Le prix de meilleur acteur a été décerné conjointement à Joaquin Phoenix et Philip Seymour Hoffman, protagonistes de «The Master».
En primant Pietà du cinéaste coréen Kim Ki Duk, le jury de la 69e Mostra de Venise, présidé par Michael Mann, a choisi un lion d'or féroce, rugissant de douleur et de cruauté, sinistre comme notre époque. Le héros est un garçon sauvage, sans aucun lien ni sentiment humain, qui survit dans une banlieue de Séoul en mutilant sadiquement de pauvres gens, pour le compte d'escrocs aux assurances. Un jour paraît dans sa vie une femme inconnue qui se prétend sa mère, qui dit se repentir de l'avoir abandonné, enfant, et ne le quitte plus. Kim Ki Duk, que le spectacle de ce monde asservi à l'argent a profondément déprimé, dit s'être inspiré de la Pietà de Michel-Ange pour composer ce chemin de croix qui fait passer par des stations d'une violence inouïe. Faut-il vraiment ces scènes atroces pour réveiller les consciences du cynisme ambiant? On peut préférer Michel-Ange.

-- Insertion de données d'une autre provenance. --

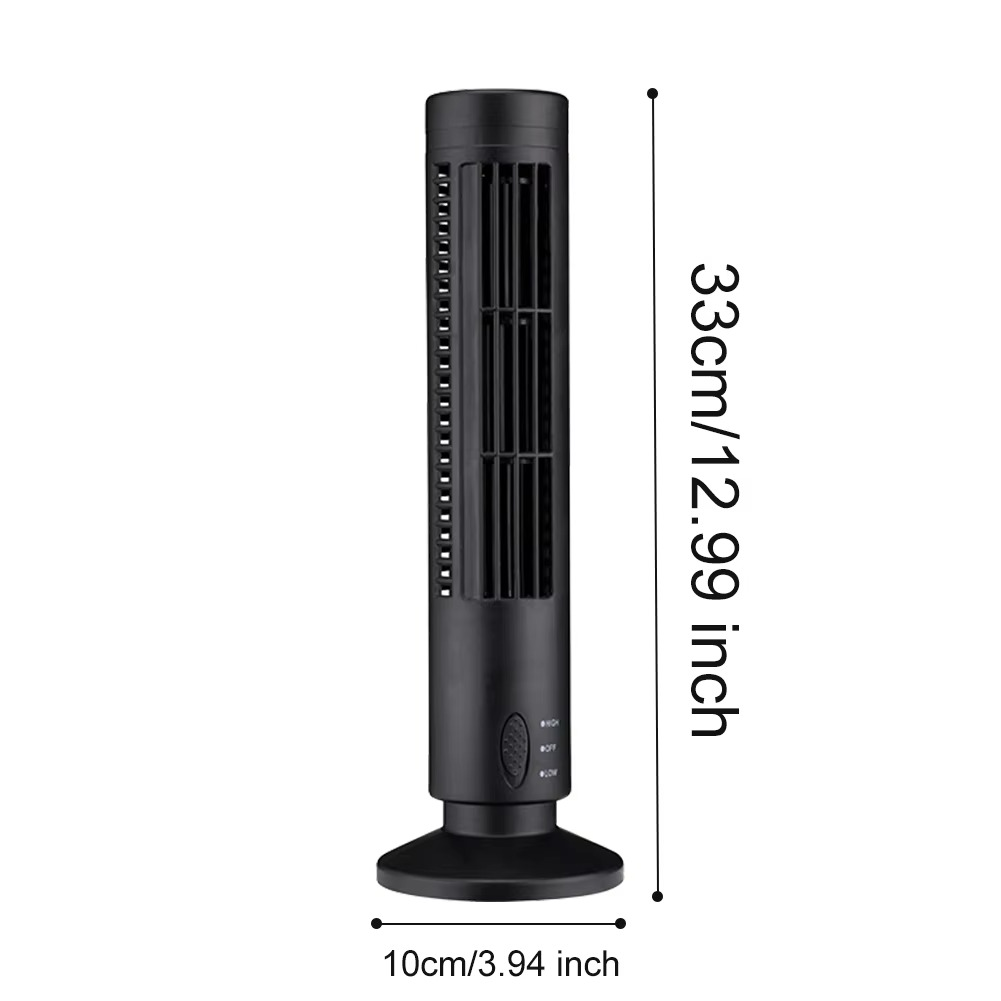 Quiet Compact USB Desk Fan - Fesara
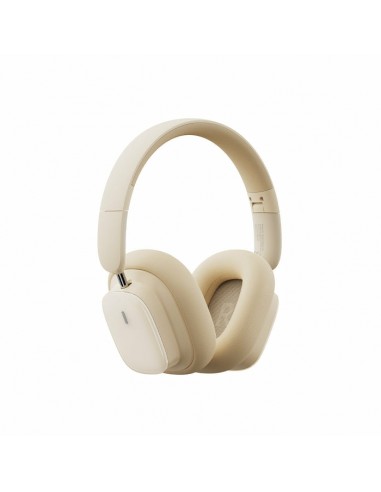 Baseus : Bowie H1i Auriculares Inalámbrico Diadema Llamadas/Música USB Tipo C Bluetooth Blanco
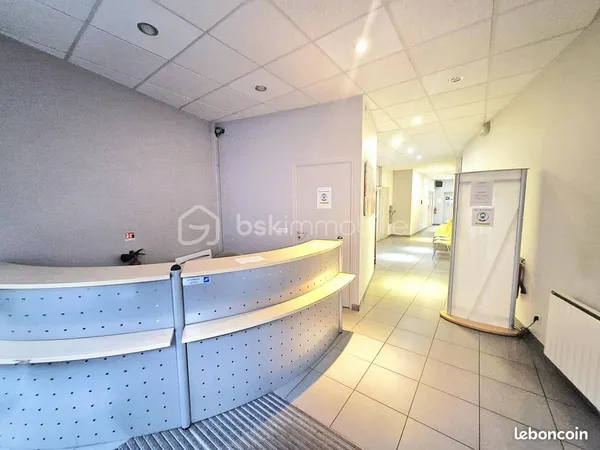 Local professionnel 207 m² 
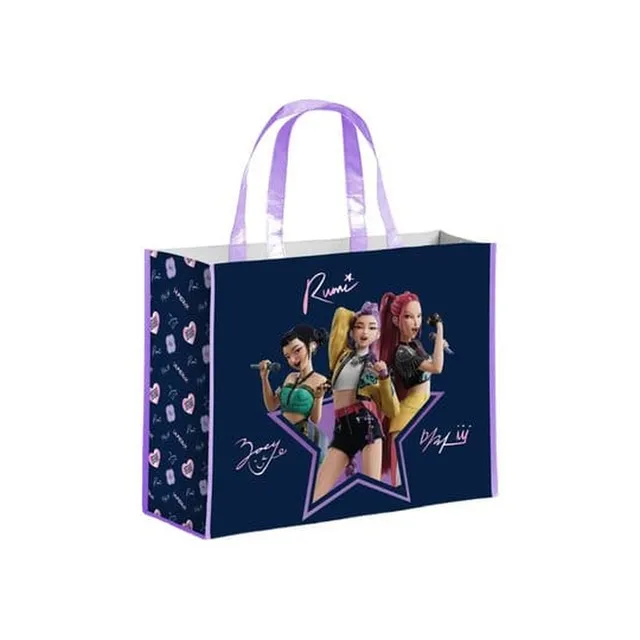 kpop-demon-hunters-idols-signature-einkaufstasche-36-liter-recycelt image 1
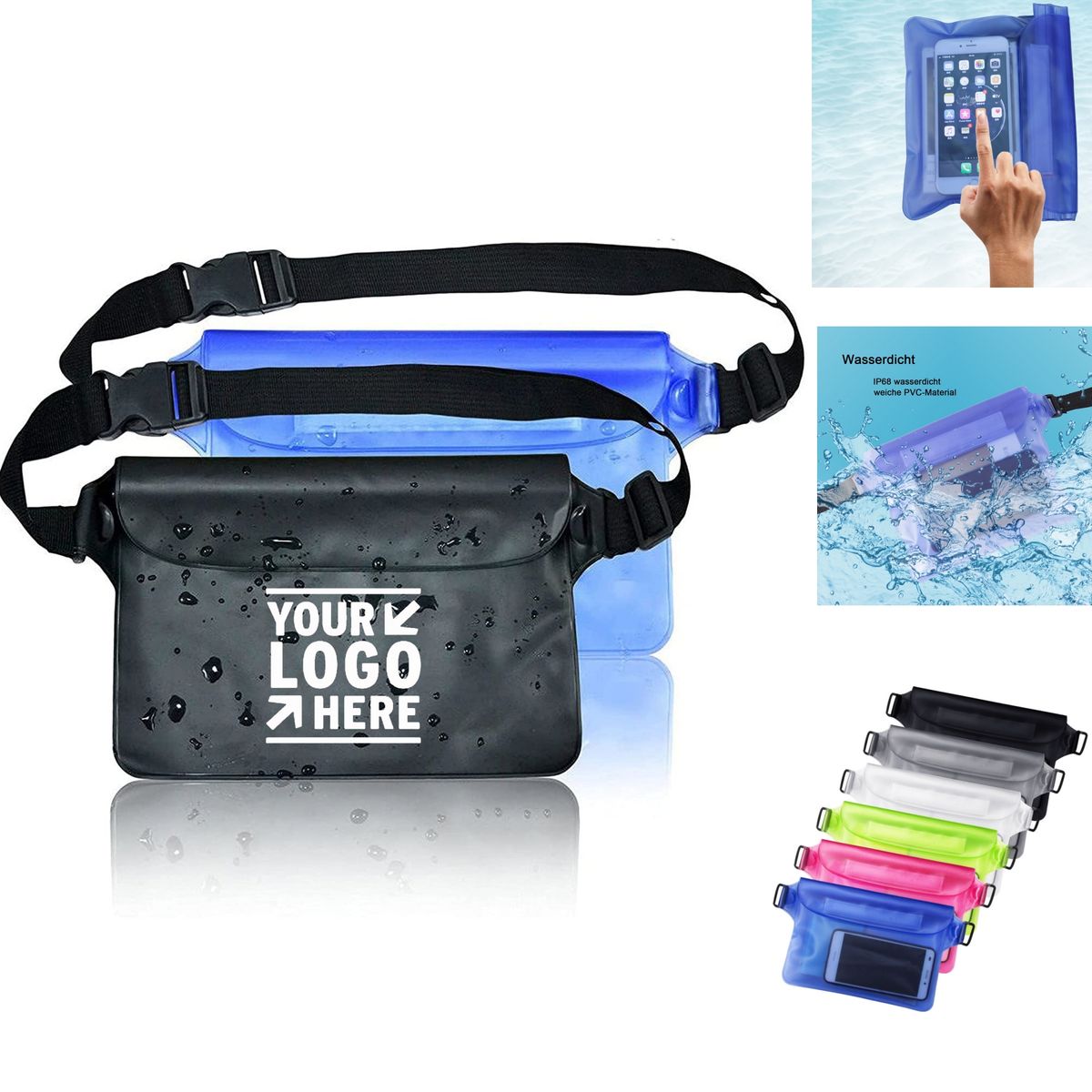 PVC Waterproof Fanny Pack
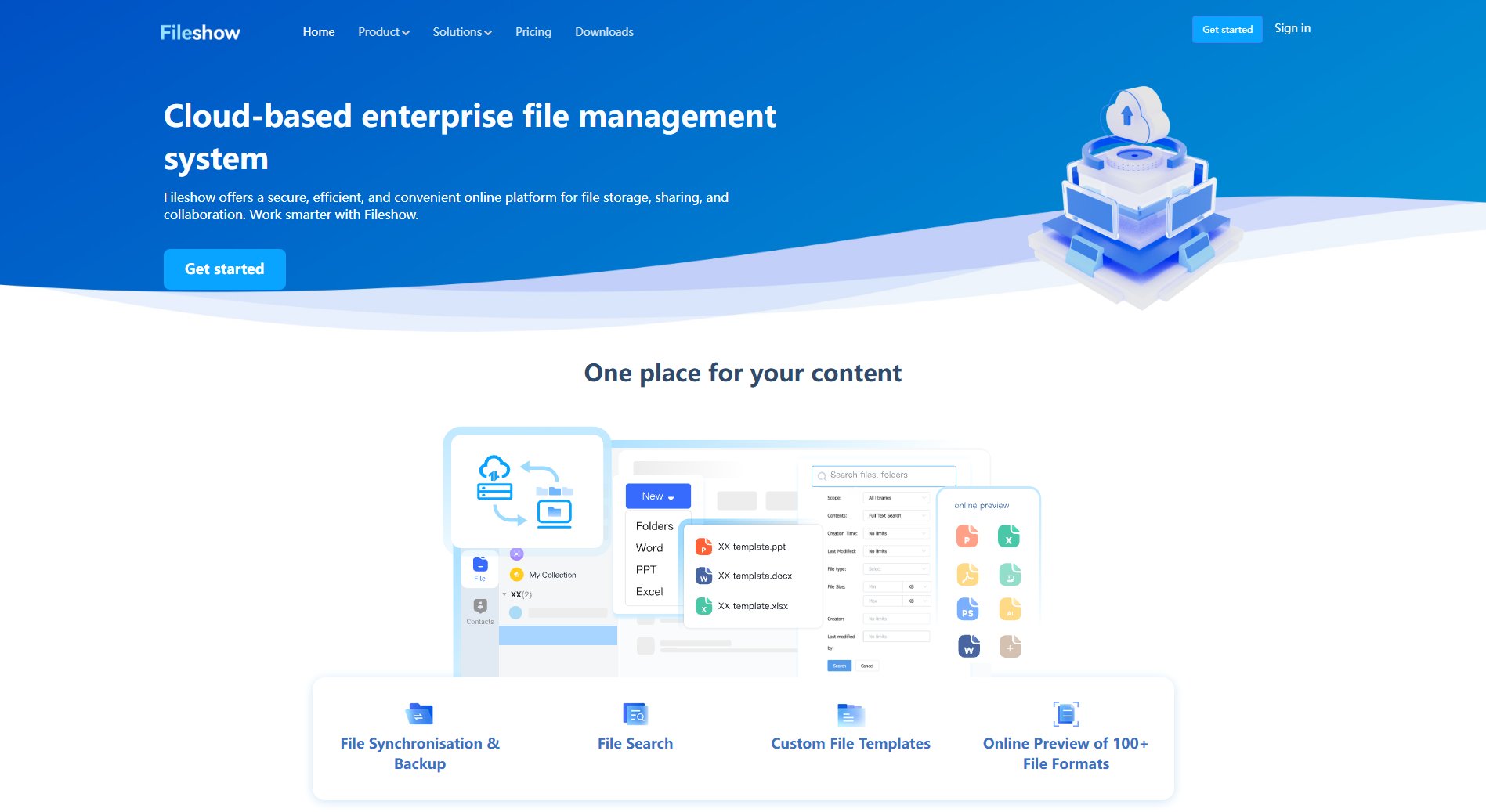 Fileshow Fileshow Interface & Screenshots Fileshow Fileshow Interface & Screenshots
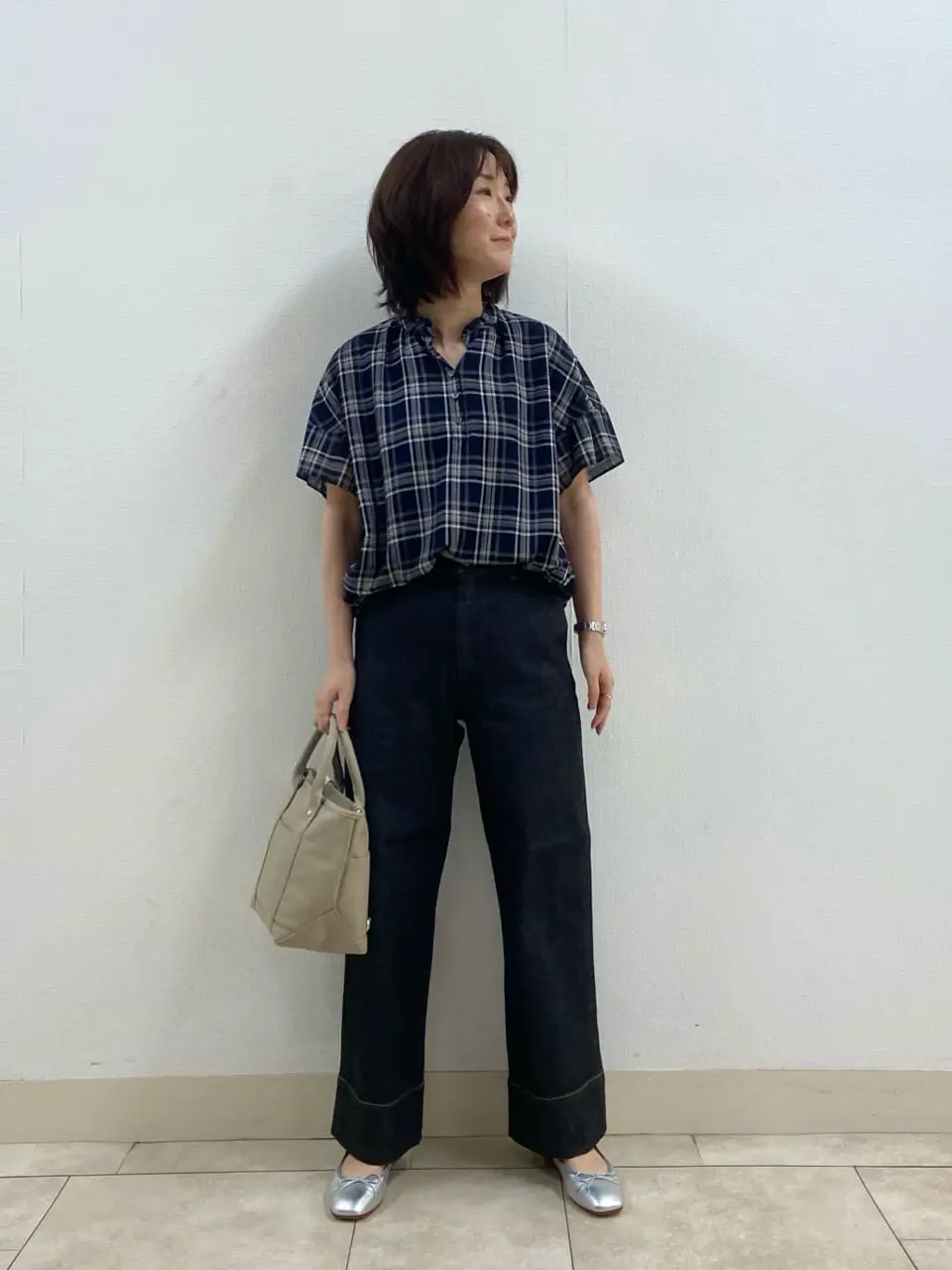 J.PRESS LADIES 前川 コーディネート画像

Ou Terrence Malick, qui en est plus proche, mais que le palmarès a oublié.
Avec le prix de la mise en scène et un double prix d'interprétation pour l'excellent tandem Philip Seymour Hoffman et Joaquin Phoenix, The Master de Paul Thomas Anderson, évocation indirecte de Ron Hubbard, fondateur de la Scientologie , est l'autre grand vainqueur de la Mostra 2012. A juste titre. La mise en scène fluide, liquide, rend compte avec une élégance ironique de la relation de séduction et d'emprise réciproque, puissante et versatile, qui unit le Maître et son disciple. Et il est judicieux de ne pas dissocier ce couple siamois étrangement soudé.
Le prix du scénario qui revient à Olivier Assayas pour Après mai est tout aussi mérité. Cette fresque autobiographique autour d'adolescents des années 70 unit avec une belle intelligence d'écriture la peinture d'époque et la trajectoire intime d'un groupe de copains, parmi lesquels Gilles, double du cinéaste. L'effervescence politique et l'ambiance de la contre-culture gauchiste sont rappelées avec une précision très choisie, et Assayas pose sur la confusion et le trouble du moment un regard d'une lucidité toute classique.